─── COLLECTED DATA ───

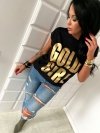 Wyprzedaż S SZARY T-shirt ze złotym nadrukiem GOLD GIRL L-106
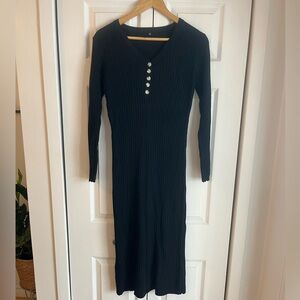 NWOT Black Maxi Sweater Dress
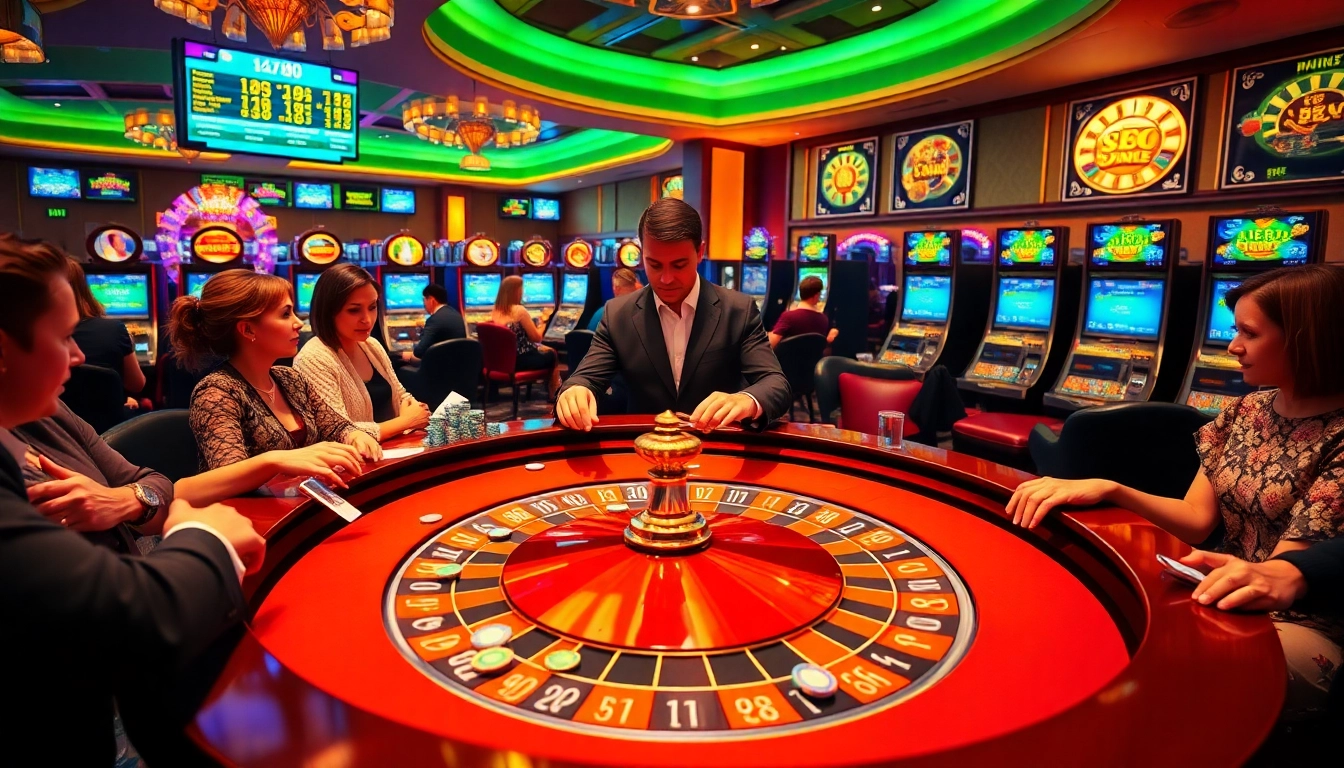 Players engaging at a lavish casino table showcasing nk 88 in action with vibrant chips and cards.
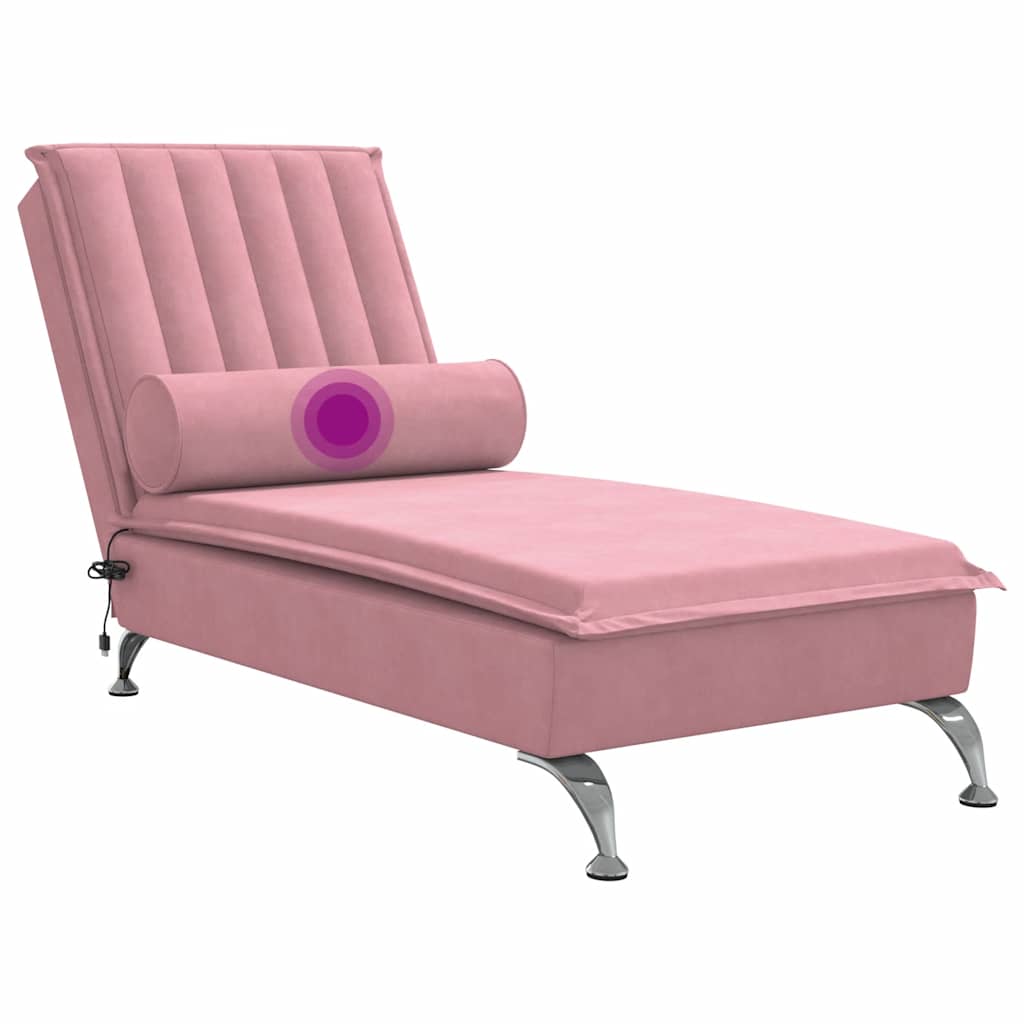 Massage Chaise Longue Met Bolster Fluweel Roze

───

> _TASK TO CARRY OUT_
Please write out the whole listing exactly, but not the pictures in it.

> _EXPECTED OUTPUT_
 Wyprzedaż S SZARY T-shirt ze złotym nadrukiem GOLD GIRL L-106
 NWOT Black Maxi Sweater Dress
 Players engaging at a lavish casino table showcasing nk 88 in action with vibrant chips and cards.
 Massage Chaise Longue Met Bolster Fluweel Roze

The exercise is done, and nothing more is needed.